++++ Data shown

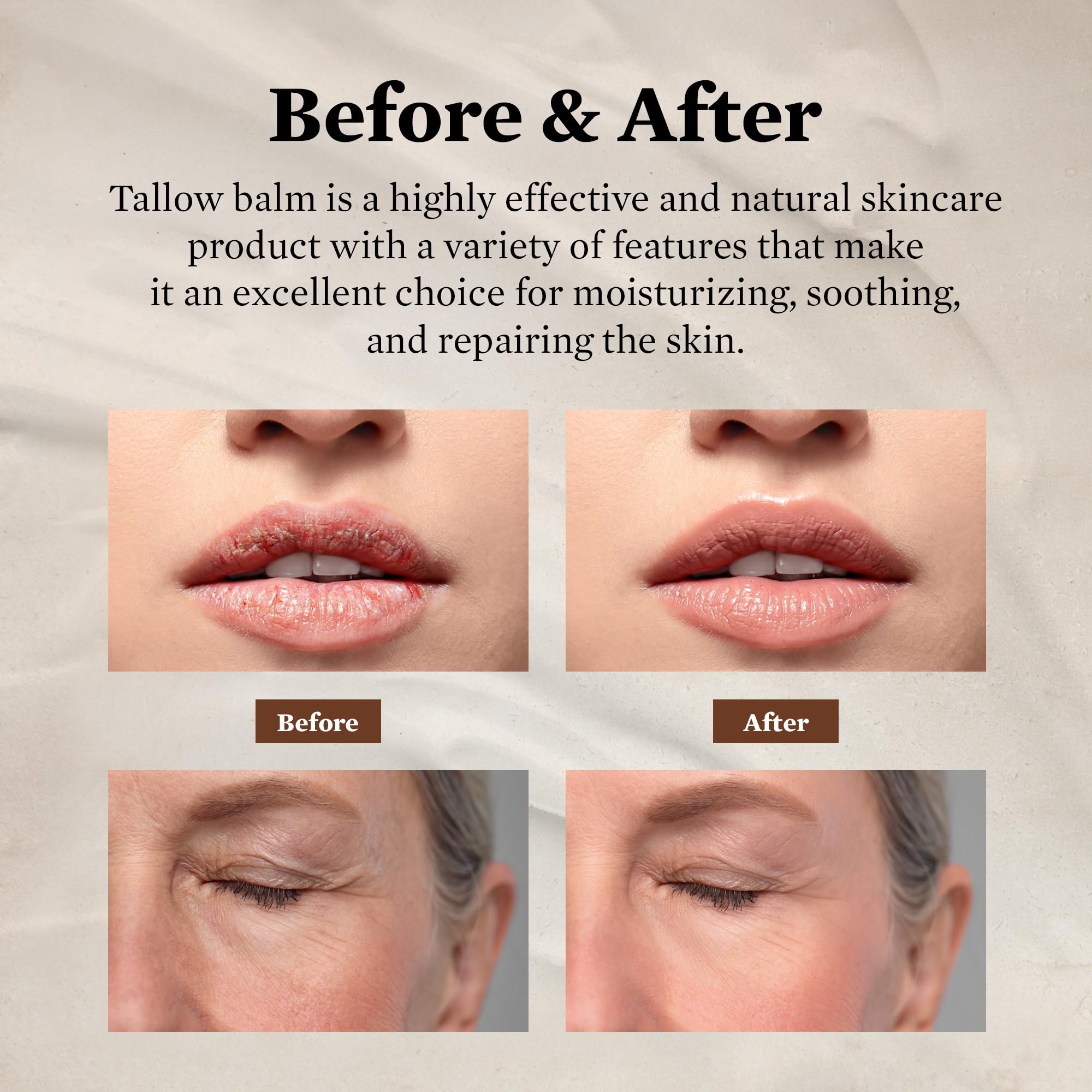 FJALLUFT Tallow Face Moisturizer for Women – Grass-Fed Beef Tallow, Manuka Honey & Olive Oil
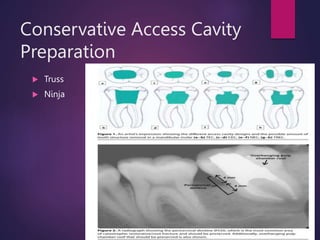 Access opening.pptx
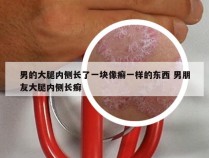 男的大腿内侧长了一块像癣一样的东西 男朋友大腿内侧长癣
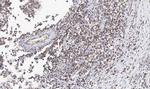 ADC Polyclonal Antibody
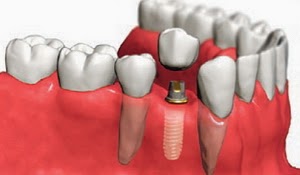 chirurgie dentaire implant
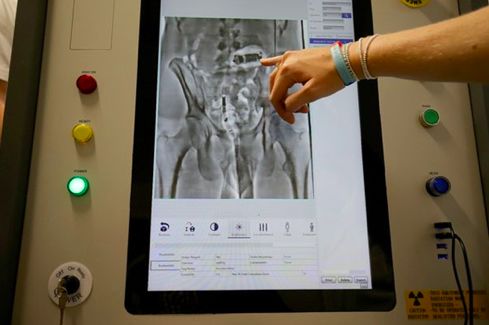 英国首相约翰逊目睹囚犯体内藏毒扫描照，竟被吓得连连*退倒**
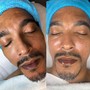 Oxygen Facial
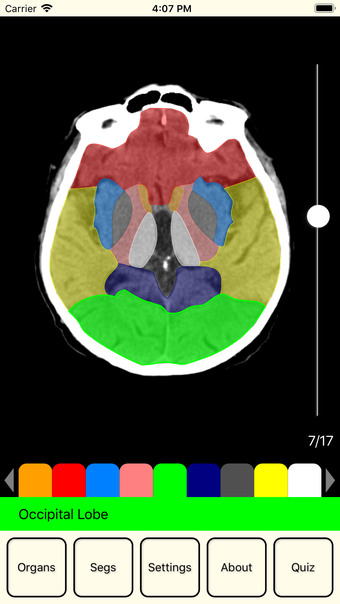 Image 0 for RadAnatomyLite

++++++++

**Task directions**. Copy everything in the records above except the pictures, exactly as written.

**Answer to this problem**.
 FJALLUFT Tallow Face Moisturizer for Women – Grass-Fed Beef Tallow, Manuka Honey & Olive Oil
 Access opening.pptx
 男的大腿内侧长了一块像癣一样的东西 男朋友大腿内侧长癣
 ADC Polyclonal Antibody
 chirurgie dentaire implant
 英国首相约翰逊目睹囚犯体内藏毒扫描照，竟被吓得连连*退倒**
 Oxygen Facial
 Image 0 for RadAnatomyLite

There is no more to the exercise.